I am currently using PyTorch for self-supervised optic flow training. The new AMP package is very appealing, as it the model runs faster and can use a larger batch size when using FP16 activations. However, I’ve found that the model does not learn anything.

Here is an ugly image, with FP32 on the left and mixed precision on the right. I used identical hyperparameters, and ran for longer than necessary to prove the point.
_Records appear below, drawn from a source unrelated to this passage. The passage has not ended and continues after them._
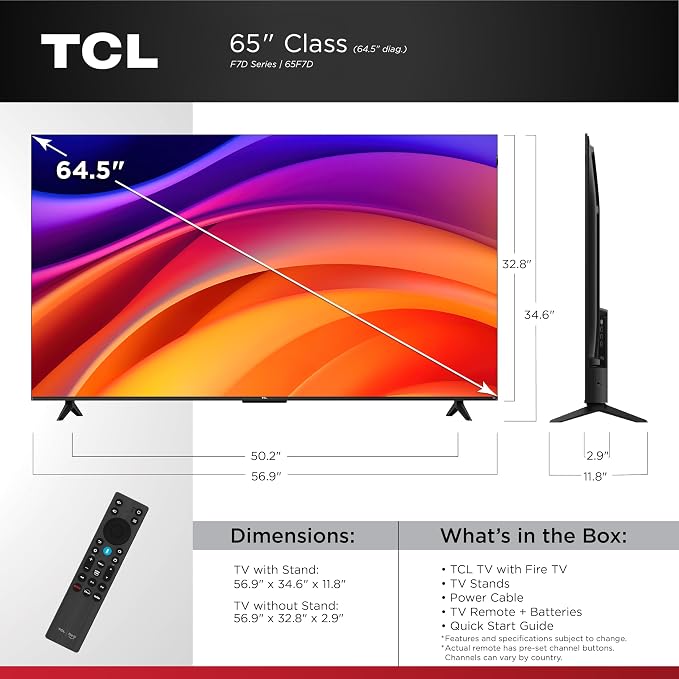 TCL 65-Inch F7D Series 4K QLED (65F7D, 2026 Model) with Dolby Vision HDR & Dolby Atmos Smart TV with Fire TV, Alexa+, Game Accelerator 120, High Brightness LED Backlight, Dolby Atmos and Voice Control
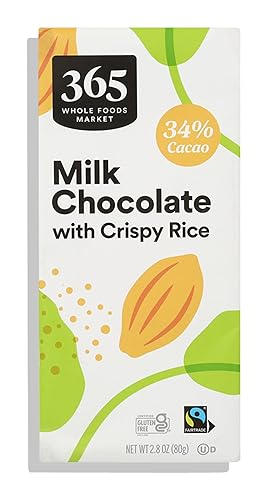 365 by Whole Foods Market, Crispy Rice Milk Chocolate Bar, 2.8 Ounce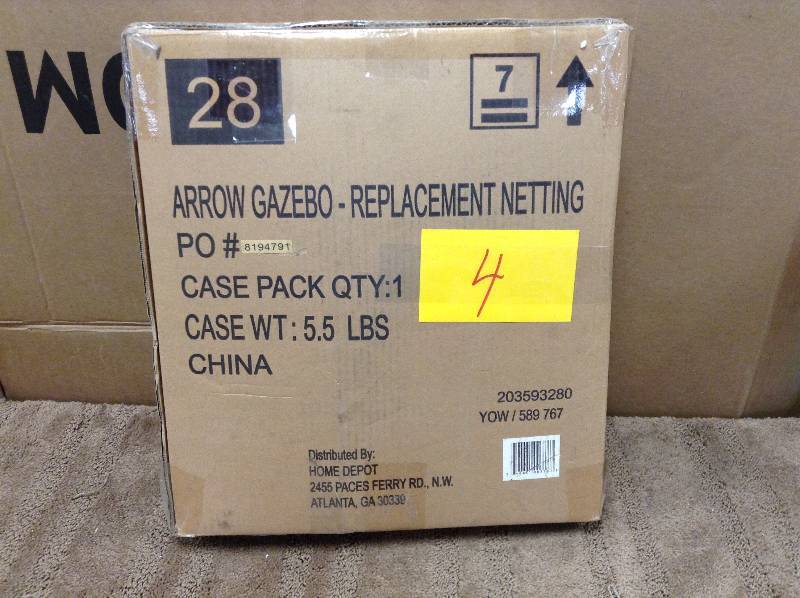 lot 4 image: Hampton Bay Arrow Gazebo Replacement Netting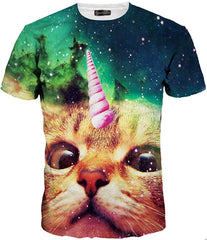 Unisex Men Women Realistic 3D Digital Print Couples Short Sleeve T Shirts Casual Tees LYT091 Lyt092 multicolor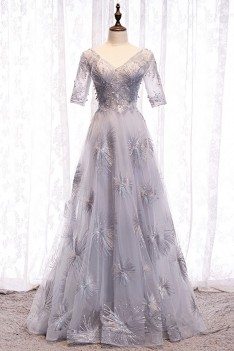 Unique Grey Long Prom Dress Vneck With Bling Sleeves - MYS78016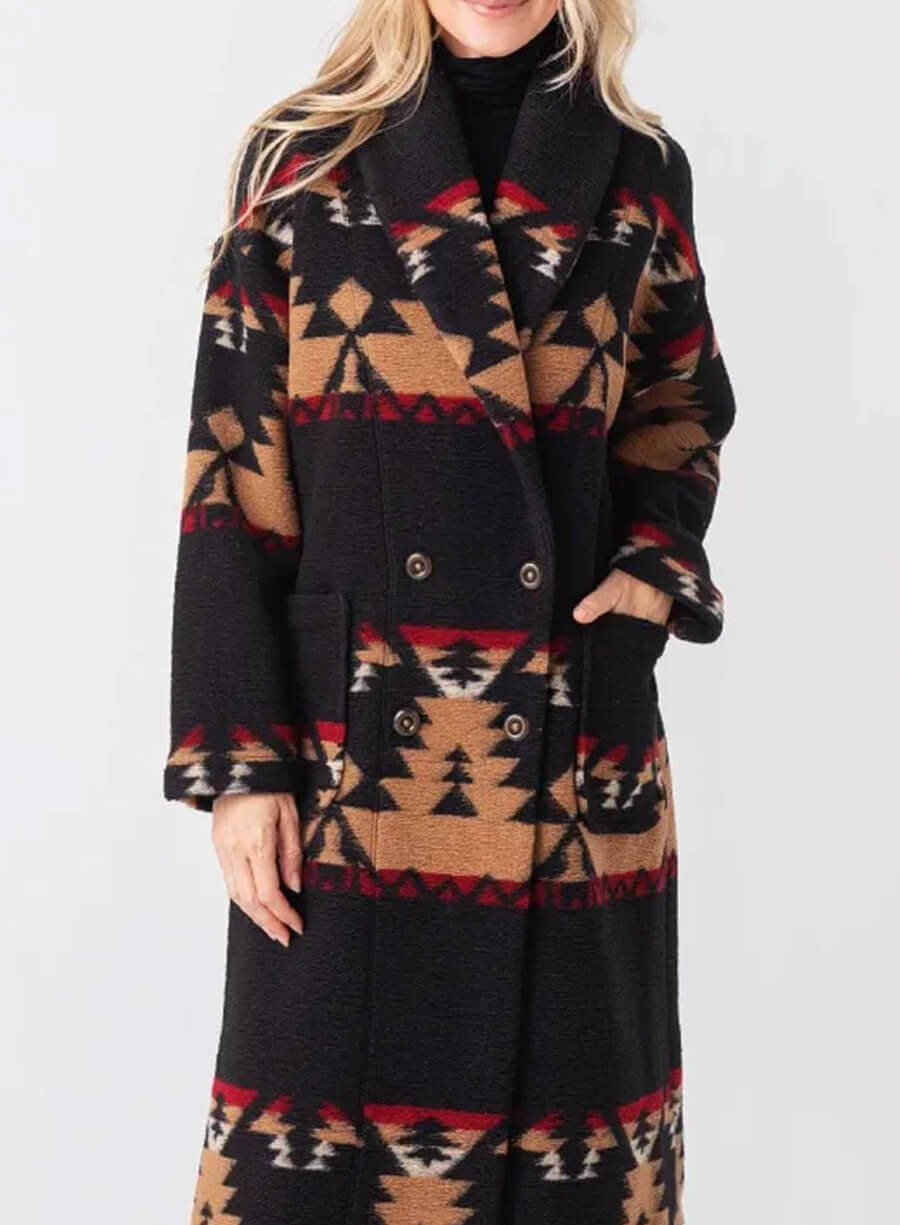 Beth Dutton Yellowstone Kelly Reilly Aztec Black Coat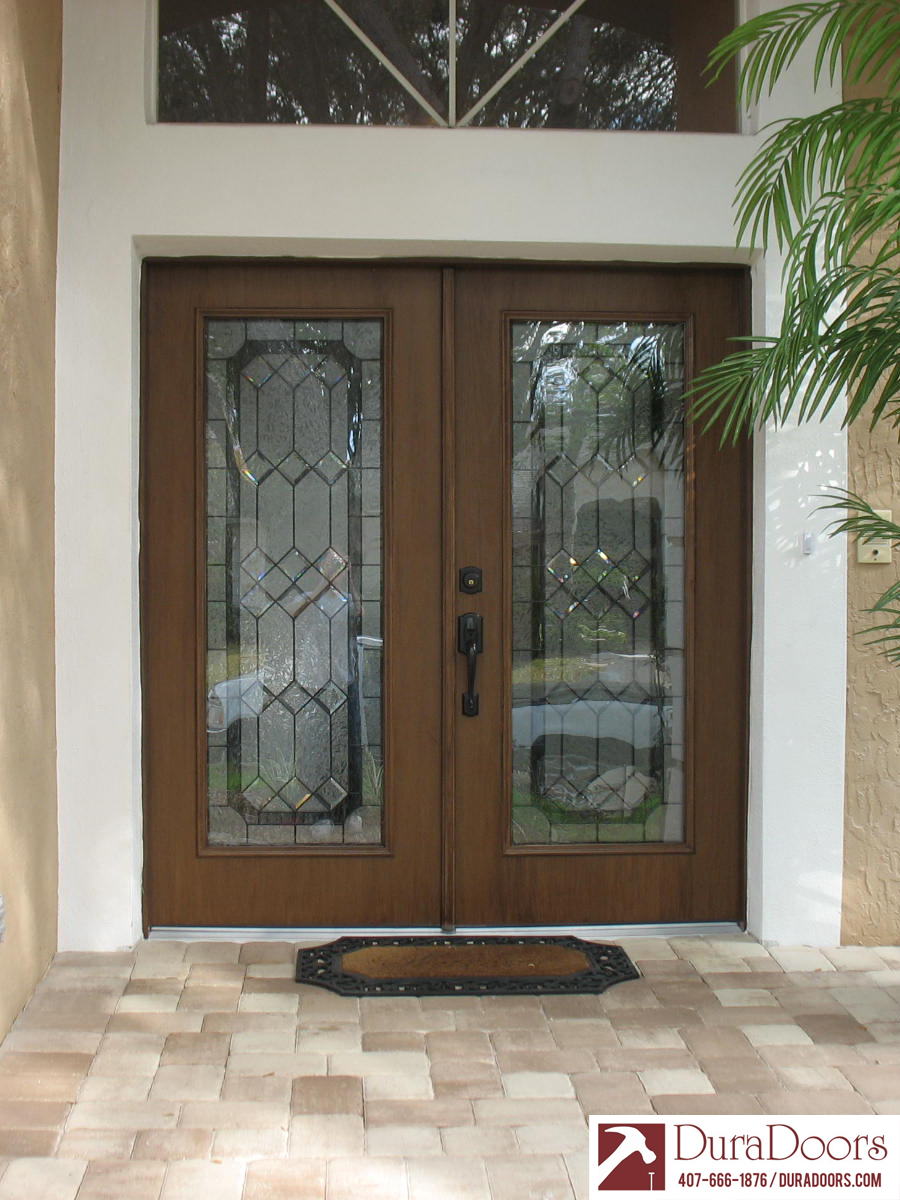 Woodgrain Plastpro Doors with ODL Majestic Glass | DuraDoors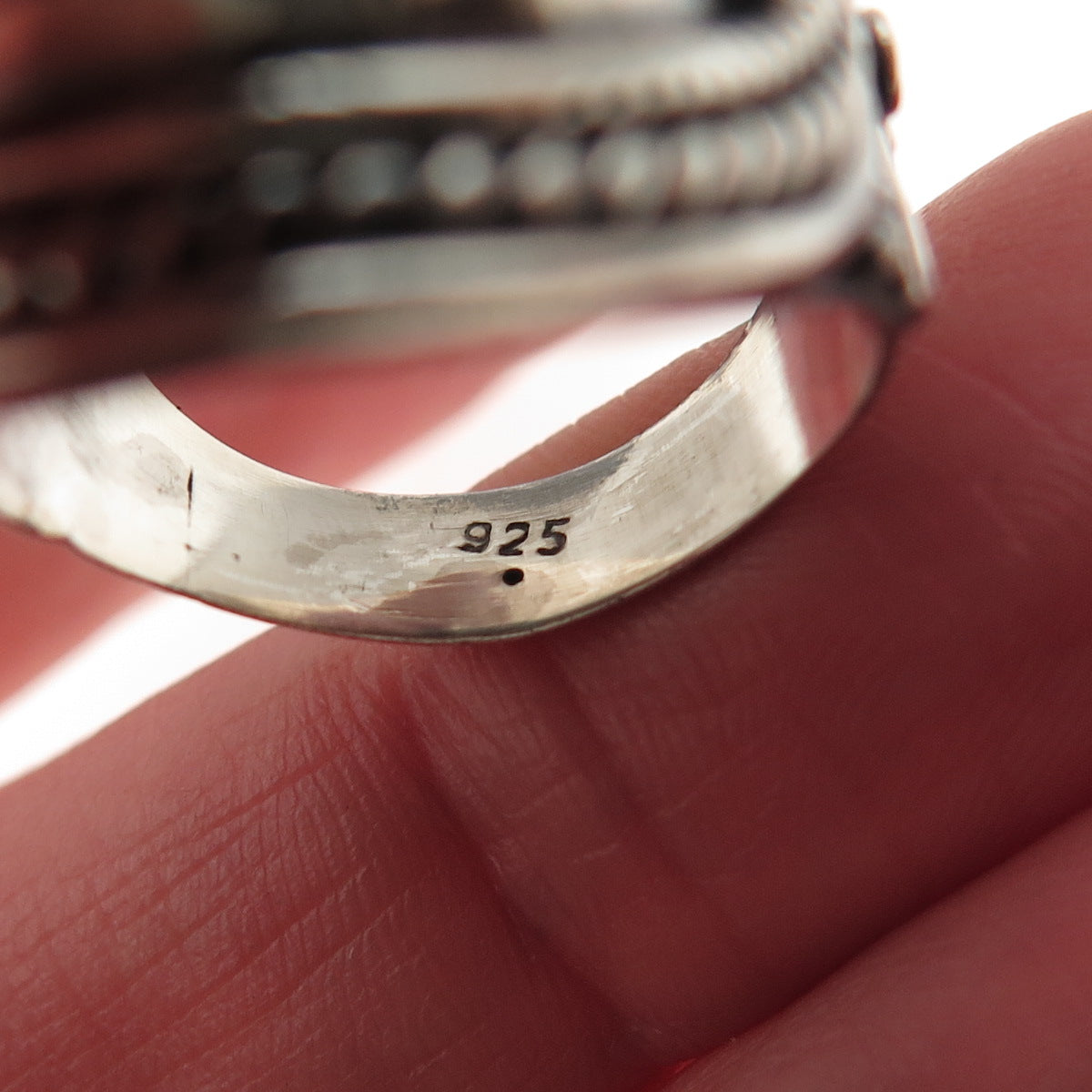 925 Sterling Silver Vintage Real Kingman Turquoise Oxidized Ring Size 6.5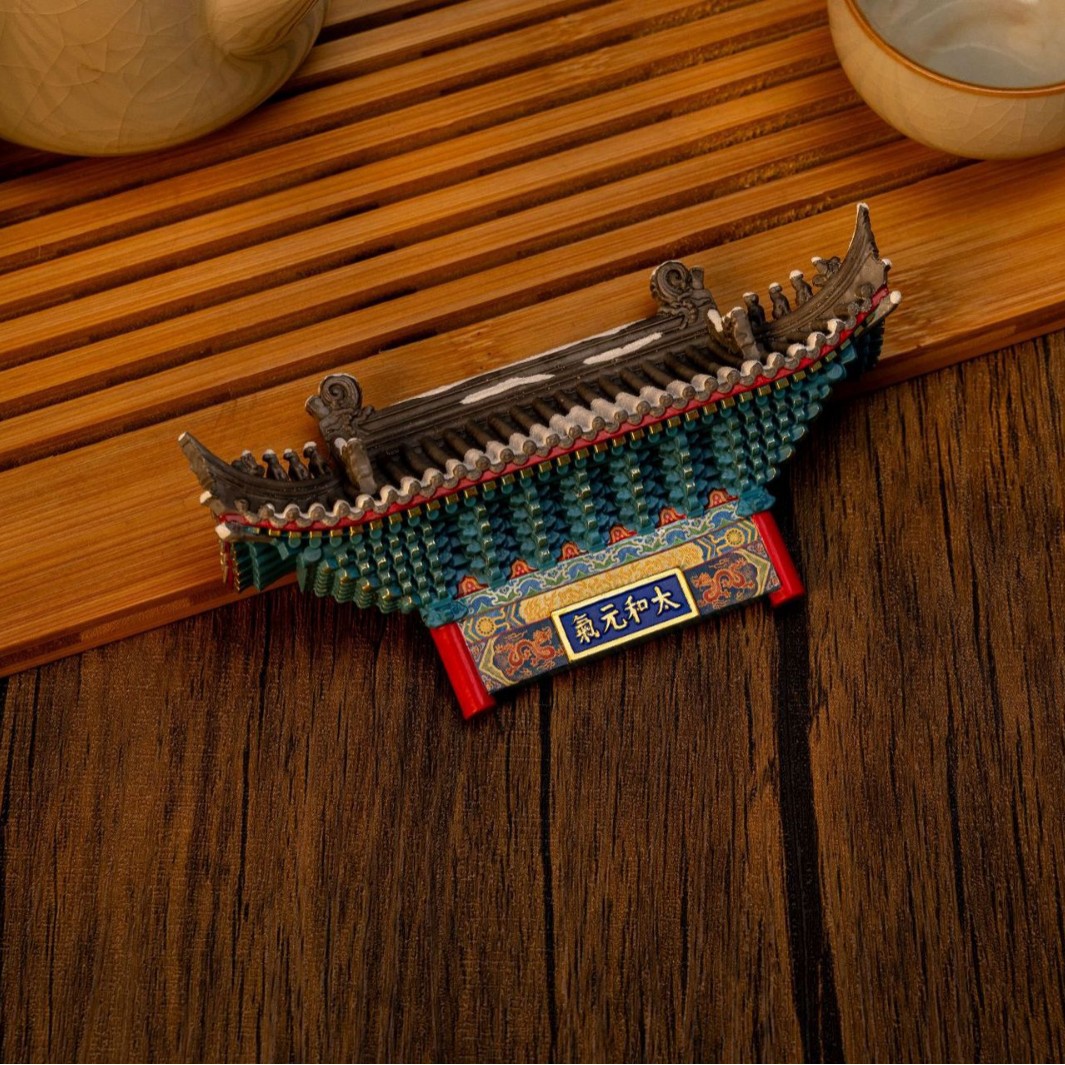 Taihe yuanguangfang refrigerador pegamento arquitectura clásica miniatura cultura sabor decorativo fuente soporte de fábrica en stock details Picture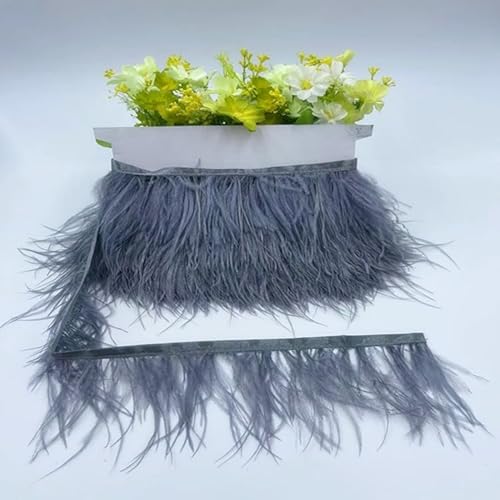 1M straußenfedern Trim fransen mit Satinband, 8-10CM Breit DIY Straußfeder Satinband Federn Fringe Trim DIY Tuch Kleid nähen Handwerk Weihnachten kostüme Dekoration Kleidern Basteln -Dunkelgrau 1M straußenfedern Trim fransen mit Satinband, 8-10CM Breit DIY Straußfeder Satinband Federn Fringe Trim DIY Tuch Kleid nähen Handwerk Weihnachten kostüme Dekoration Kleidern Basteln -Dunkelgrau von SYSUII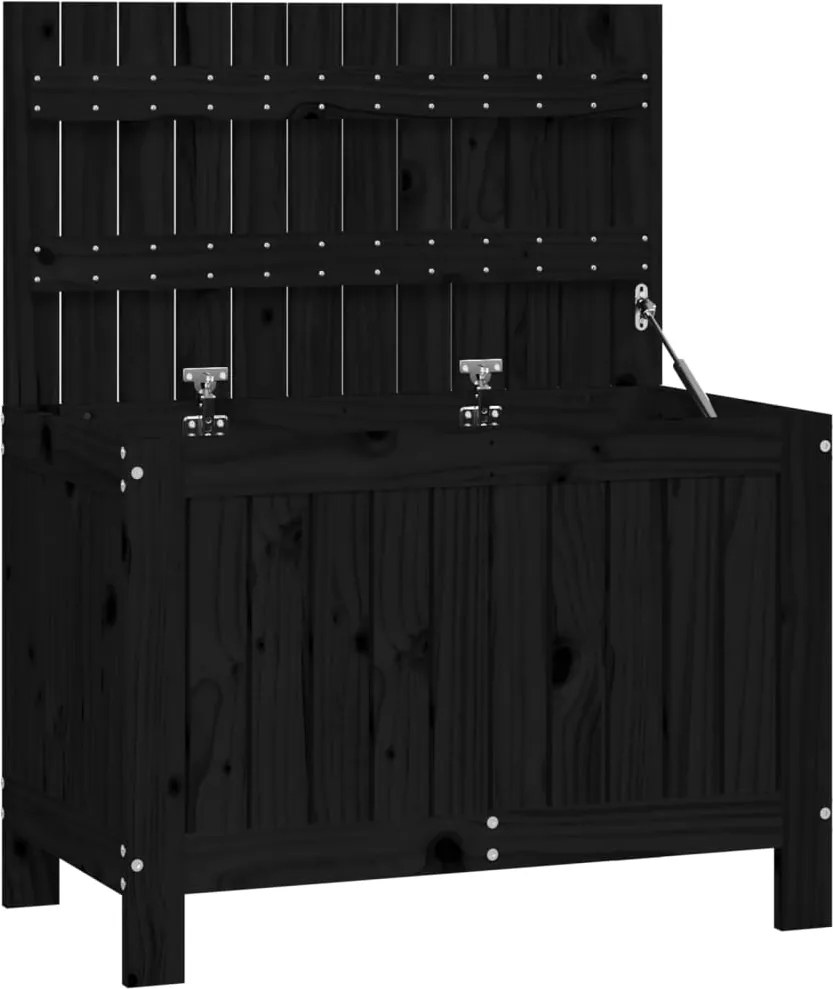 vidaXL Cutie depozitare grădină, negru, 76x42,5x54 cm, lemn masiv pin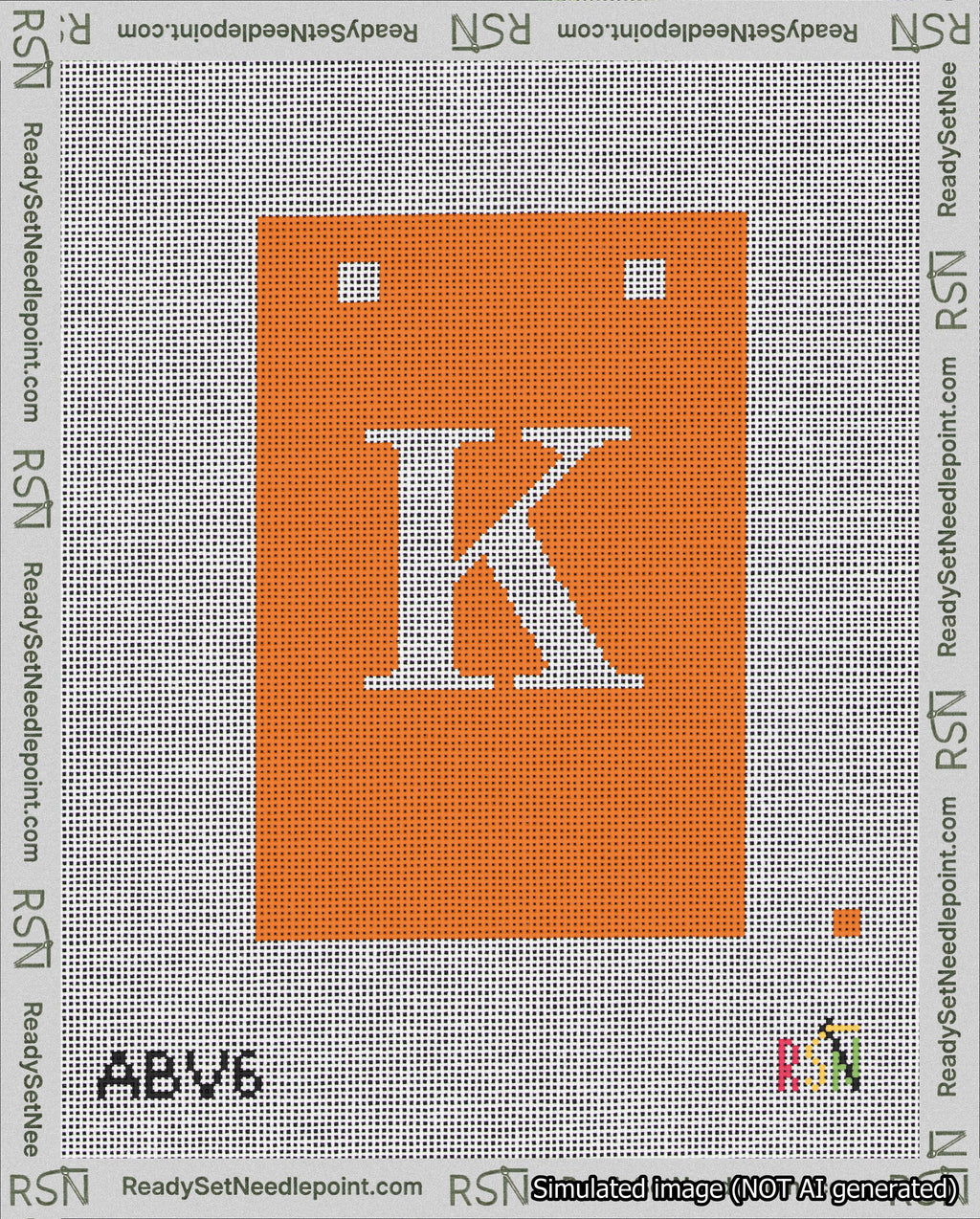 A taped needlepoint canvas with the design: Banner 18 mesh count Squared K White on Orange.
The relevant code was taken straight from the amp example page. Here is the relevant portion copied:

if fp16:
    with autocast():
        outputs = model(batch)
        downsampled_t0, estimated_t0, flows_reshaped = reconstructor(batch, outputs)
        loss, loss_components = criterion(batch, downsampled_t0, estimated_t0, flows_reshaped)
else:
    outputs = model(batch)
    downsampled_t0, estimated_t0, flows_reshaped = reconstructor(batch, outputs)
    loss, loss_components = criterion(batch, downsampled_t0, estimated_t0, flows_reshaped)

# zero the parameter gradients
optimizer.zero_grad()
# calculate gradients
if fp16:
    scaler.scale(loss).backward()
    scaler.step(optimizer)
    scaler.update()
else:
    loss.backward()
    # step in direction of gradients according to optimizer
    optimizer.step()

Things that could be causing the issue

Using a multi-part loss function. I have multiple image reconstruction losses and a smoothness loss, common in optic flow tasks. The AMP page tells us to scale components of our loss function individually. However, this seems to make little sense to me. The relevant portions of my loss function have been carefully scaled by prior work and my own work, so scaling them individually seems like it would ruin that. Furthermore, having a backwards pass for each component of my loss function would take much longer.
Spatial transformer networks. I sample from the image at time t+1 to estimate the image at time t using torch.nn.functional.grid_sample. Does this operation not work with mixed precision training?
Just a bug in torch somewhere (I can open a GitHub issue if so)

Debug info:

pytorch version: 1.7.0a0+eb47940
cuda: 11

ptrblck · August 22, 2020, 4:47am

The GradScaler will scale the loss to increase the magnitude of the gradients and will unscale it using the same scaling factor. Your manual scaling won’t be changed, so I would recommend to try it out and check, if it solves the issue.